About
This dataset includes a list of citations to scholarly articles from the most recent version of Wikipedia.
License
All files included in this datasets are released under CC0: https://creativecommons.org/publicdomain/zero/1.0/
Projects
Identifiers
- PubMed IDs (
pmid
) and PubMedCentral IDs (pmcid
).
- Digital Object Identifiers (
doi
)
- ...more to come...
Format
Each row in the dataset represents a citation as a (Wikipedia article, scholarly article) pair. Metadata about when the citation was first added is included.

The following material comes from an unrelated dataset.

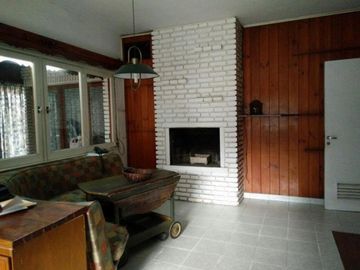 VENTA HURLINGHAM CLASICO CHALET EN BARRIO INGLES 1200 MTS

- page_id: The identifier of the Wikipedia article (int), e.g. 1325125
- page_title: The title of the Wikipedia article (utf-8), e.g. Club cell
- rev_id: The Wikipedia revision where the citation was first added (int), e.g. 282470030
- timestamp: The timestamp of the revision where the citation was first added. (ISO 8601 datetime), e.g. 2009-04-08T01:52:20Z
- type: The type of identifier, e.g. pmid
- id: The id of the cited scholarly article (utf-8), e.g 18179694
How to cite this dataset
The canonical citation and most up-to-date version of this dataset can be found at:
Aaron Halfaker, Dario Taraborelli (2015). Wikipedia Scholarly Article Citations. figshare. doi:10.6084/m9.figshare.1299540
Source code
https://github.com/halfak/Extract-scholarly-article-citations-from-Wikipedia (MIT License)
Notes
Citation identifers are extracted as-is from Wikipedia article content. Our spot-checking suggests that 98% of identifiers resolve.